My friend, his mother and I had a private tour of the gallery with the then curator and G.F.Watts expert, Richard Jeffries. As we were the only visitors that day, and quite possibly that week, we had the place to ourselves. George Frederic Watts was one of the most celebrated artists of the Victorian age - known in his lifetime as ‘England’s Michelangelo.’ His work hangs in Tate Britain and the National Portrait Gallery. He painted Tennyson, Gladstone, Carlyle. But not only was he an accomplished painter, he was also a sculptor. But like so many of the great Victorian artists, he had fallen out of favour, and his gallery, tucked away in a Surrey lane, had been forgotten and was quietly falling apart.
But on that very first visit, it was the memorial chapel that stayed with me. I remember standing in the chapel and being completely overwhelmed. Every surface was alive, dense with colour. Deep reds, muted golds, blue-greens, gesso angels and Celtic strapwork and swirling tendrils of the Tree of Life. Angels of light facing outward. Angels of darkness facing the wall. Cherubs crowding the ribs of the vaulted ceiling. It was intense, enveloping, and completely unlike anything else I had ever seen, and was love at first sight. I walked out into the Surrey afternoon a different person, and although I did not know it then, that afternoon was the beginning of a lifelong interest for the Arts and Crafts movement, and (as readers of my first post will know, a connection that would turn out to run far deeper than I ever imagined).
Whilst in the chapel I learned that my friend’s mother’s aunt had been a close friend of Mary Watts, George’s wife, and had helped build and she had helped her decorate the chapel.
At the time I did not know who Mary Watts was, and today most people still don’t. She was, and largely remains, a footnote in her husband’s story. Even her own writing is self-effacing. We know more about George’s life from her pen than we do about hers.
But it is Mary who built Watts Chapel.
Born in India in 1849, the daughter of a Scottish aristocrat, Mary Fraser-Tytler grew up by the banks of Loch Ness, raised by her grandparents after her mother died when she was barely two years old. She drew and painted from childhood, and her family encouraged it.
Mary was naturally gifted. She studied art in Dresden, and then had formal training at the Slade School of Fine Art, one of the very first women to do so. She trained in sculpture under the celebrated Aimé-Jules Dalou and was exhibiting her work long before she met the man whose name would come to overshadow hers.
She married George Frederic Watts in 1886. She was thirty-six, he was sixty-nine. It sounds improbable, but by all accounts it was a genuine loving marriage, and they had a singular vision - an unshakeable belief that art existed not for galleries and collectors alone, but for everyone. ‘Art for all’ was their phrase, and it was not a slogan. It was a way of living.
In 1889, George and Mary came to stay with friends in Compton, a quiet village tucked into the Surrey hills just south of Guildford. They were looking for somewhere to escape London’s winters, its pollution, poor light and interruptions. George’s fame attracted a constant stream of visitors, and the couple craved time to simply work.

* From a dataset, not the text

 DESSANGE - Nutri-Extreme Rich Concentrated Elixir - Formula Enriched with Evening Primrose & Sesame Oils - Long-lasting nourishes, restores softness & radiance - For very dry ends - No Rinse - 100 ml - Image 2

They fell in love with the area straight away, and by 1891 they had built a studio-home. Designed in the Arts and Crafts style by Sir Ernest George. They called it Limnerslease, from ‘limner,’ meaning artist, and ‘leasen,’ an old word for gleaning.
What had begun as a winter retreat quietly became their real home. As the years passed, Limnerslease took precedence over their London residence. Free from the interruptions of London society, the couple were able to work uninterrupted while becoming a celebrated part of the Compton community. George painted some of his most ambitious Symbolist works in his new studio, designed with his vast canvases and his need for good light in mind. But it was Compton village that became the centre of their lives.
The house became Mary’s canvas. She decorated the walls and ceilings in plaster and gesso reliefs. For her terracotta work she dug clay from the grounds. In September 1894, she wrote in her diary: ‘My hope is that terracotta shall be my future.’ She soon discovered, however, that the local rural community was in serious decline and this troubled both herself and Geroge deeply. However the Parish Council were seeking land for a new cemetery and Mary offered to build a mortuary chapel on the proposed site. Her offer was accepted. George financed the project whilst Mary designed and managed it.
On Thursday evenings, the drawing room at Limnerslease became a studio, and Mary set up free clay modelling classes, for anyone who wanted to come. The lessons focussed on making terracotta tiles, and these were used to decorate the exterior of the chapel.
Over seventy villagers, including children, made everything- from the chapel door hinges to small flower decorations on the inside. The chapel was consecrated in 1898, with the interior decoration continuing until 1904. Virtually every resident of the village had a hand in it.
Pause on that for a moment, because what Mary Watts did was not only admirable - it was radical.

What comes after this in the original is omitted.